Now, as previously noted, I am an awesome tipper. Waitresses take note, you want to handle my table, you really do.

However, Merriam-Webster defines a gratuity as:

Main Entry: gra·tu·ity Pronunciation: gr&-'tü-&-tE, -'tyü- Function: noun Inflected Form(s): plural -ities : something given voluntarily or beyond obligation usually for some service; especially : TIP

Now, by definition, you cannot have a "mandatory gratuity". It's like having a white sheet of black paper. It's just not possible.

The proprietor of the establishment is quoted as saying "They shorted the check and didn't leave any money at all for the waitress.
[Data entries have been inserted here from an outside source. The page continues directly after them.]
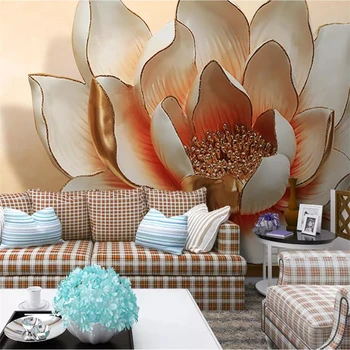 beibehang papel de parede Užsakymą didelis tapetai, 3D stereo iškilumo lotus sofa-lova, TV foną, sienų tapyba kambarį tapetai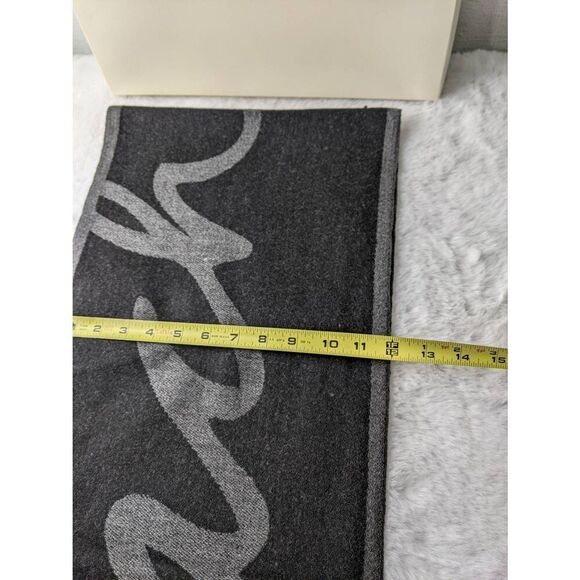 Coach Gray Black 100% Merino Wool Scarf w Fringe - Picture 10 of 11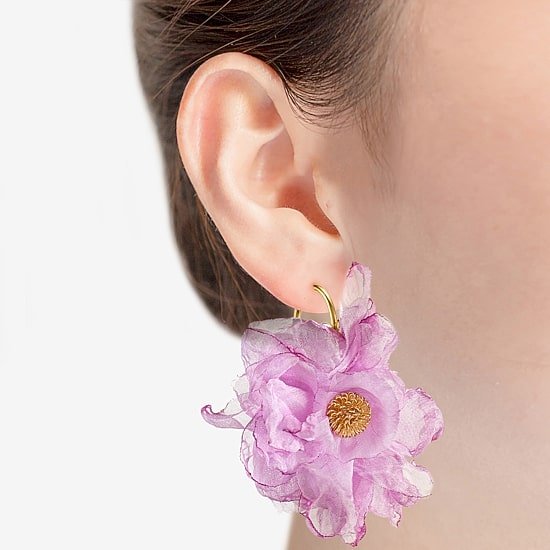 Bijoux Bar Womens Flower Drop Earrings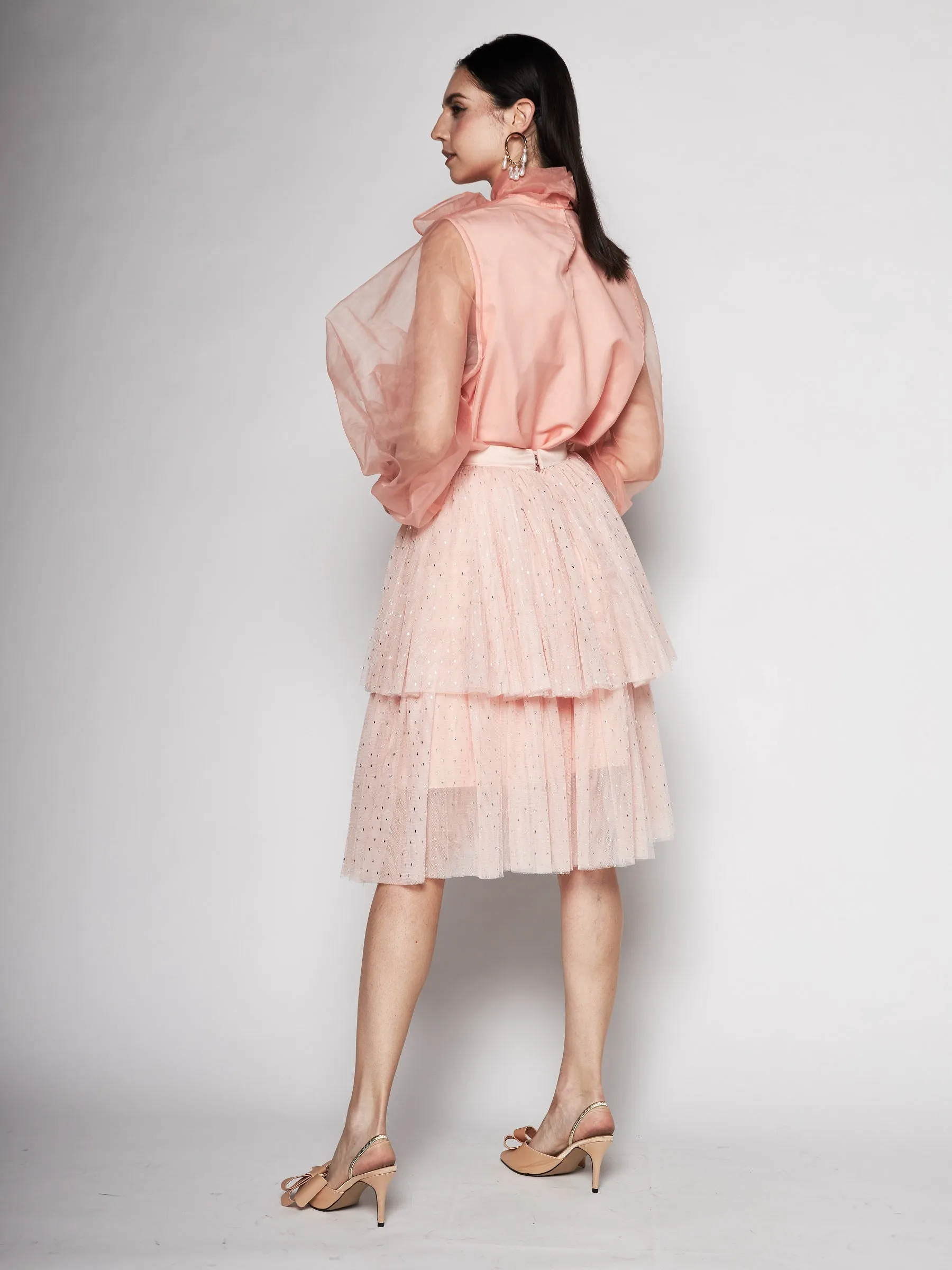 Asymmetric Tulle Midi Skirt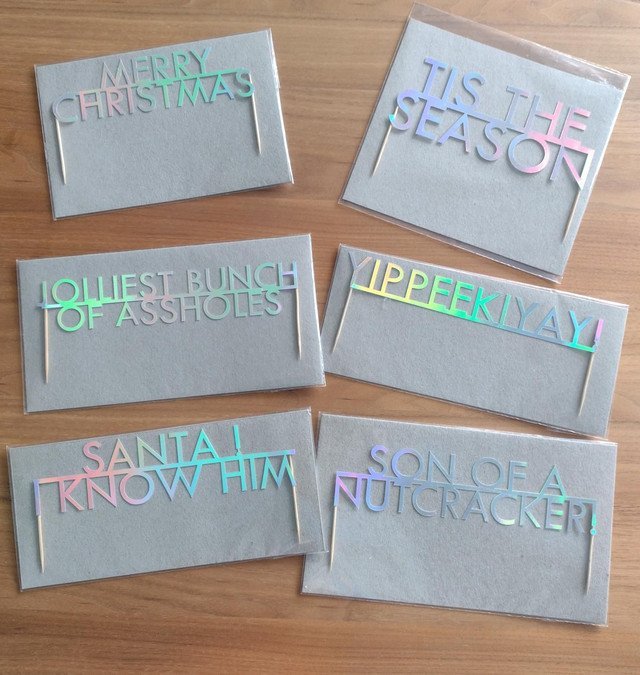 Holographic Christmas eco cake toppers "Tis the season", "Yippeekiyay!", "Merry Christmas"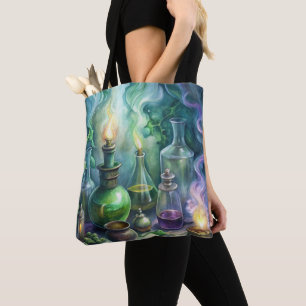GREEN & PURPLE SMOKEY SPOOKY POTION BOTTLES TOTE BAG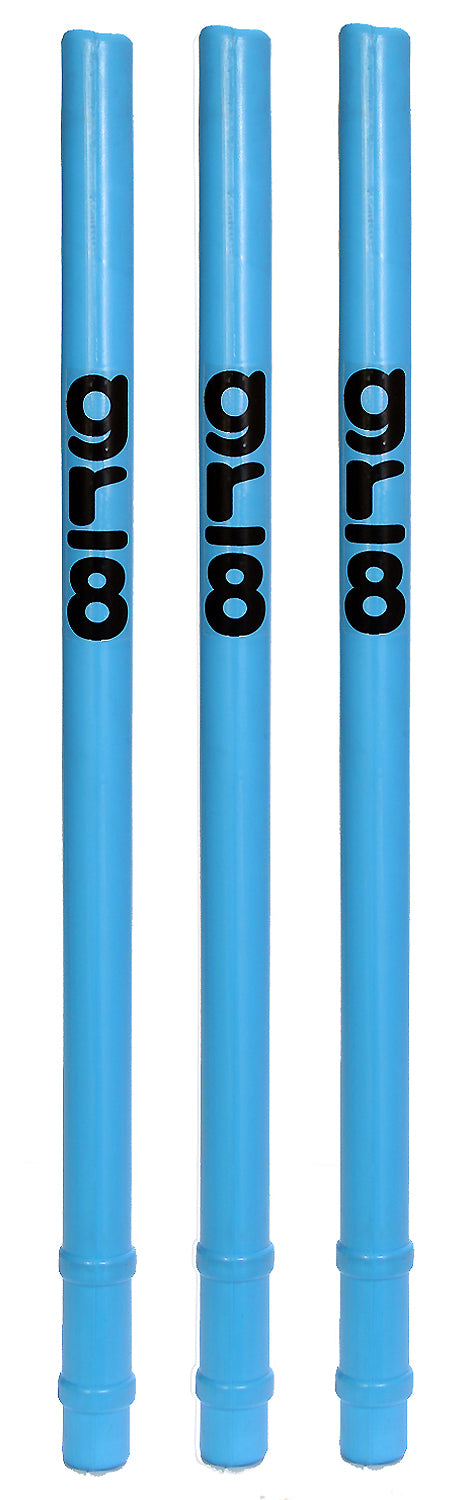 gr8 Heavy Plastic Cricket 3 Stumps Set - 3 Stumps + 2 Bails + 1 Stand (Blue)(Plastic Wicket Set)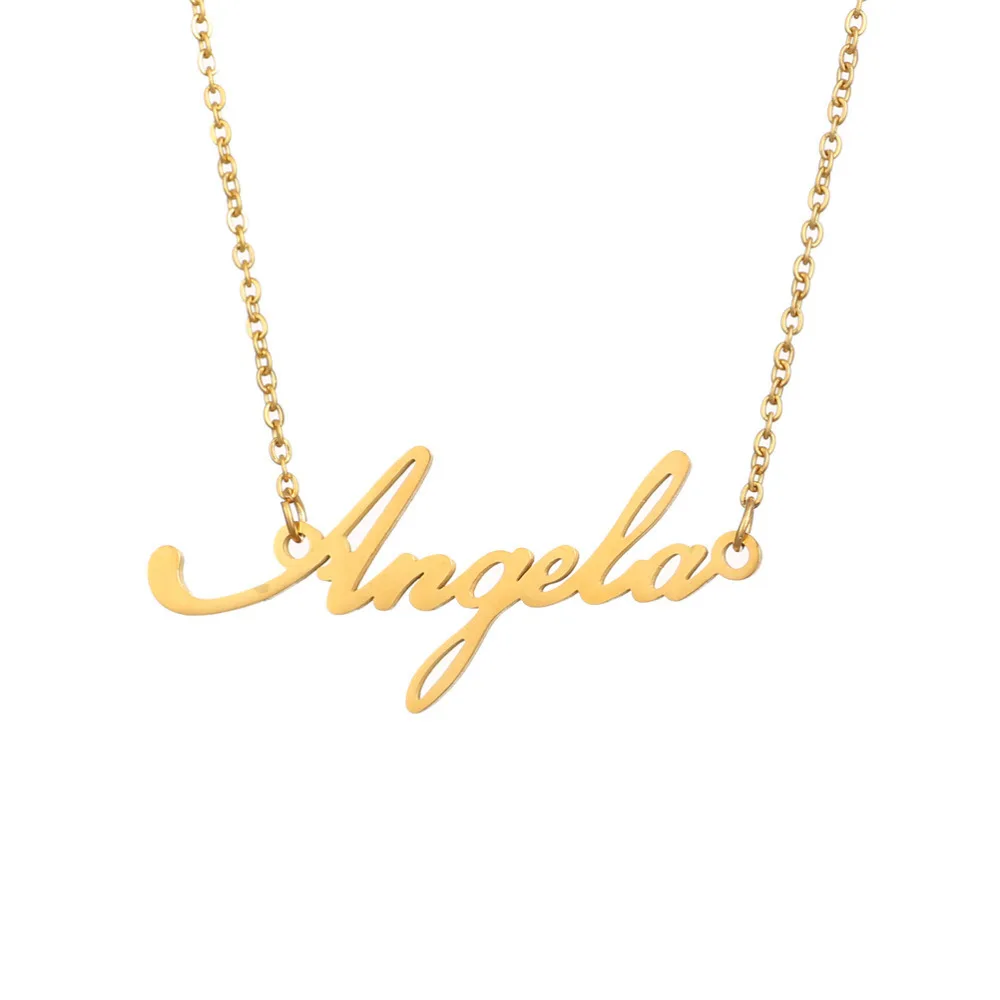 Модное ожерелье с надписью Angel Angela из нержавеющей стали|Ожерелья подвеской| |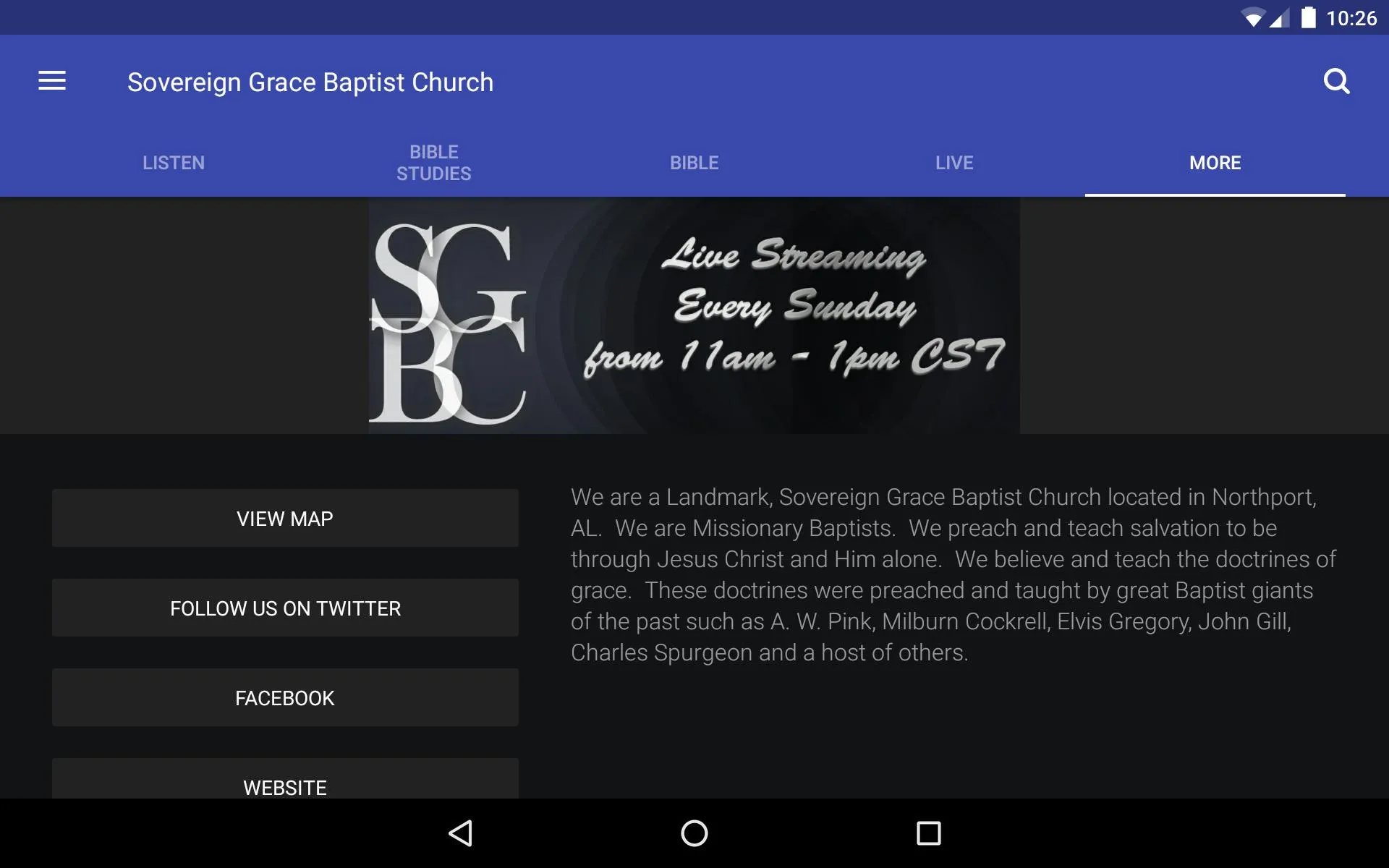 Sovereign Grace Baptist Church | Indus Appstore | Screenshot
This is not a vendetta. This is just about standing up for my waitresses."

Sorry, no, they didn't. They paid the bill, they just didn't volunteer to pay your waitress extra money. If you feel that your waitress is underpaid, perhaps you could take her off the tips-scale of minimum-wage and put her on the "normal" wage scale.

I don't begrudge a waitress her tip, but I do begrudge people who try and make it "mandatory". If you believe that your wait-staff is so overworked that you need to impose a "mandatory gratuity", then maybe, just maybe, you need to improve the wages for your staff, instead of trying to pass the burden directly onto the customer.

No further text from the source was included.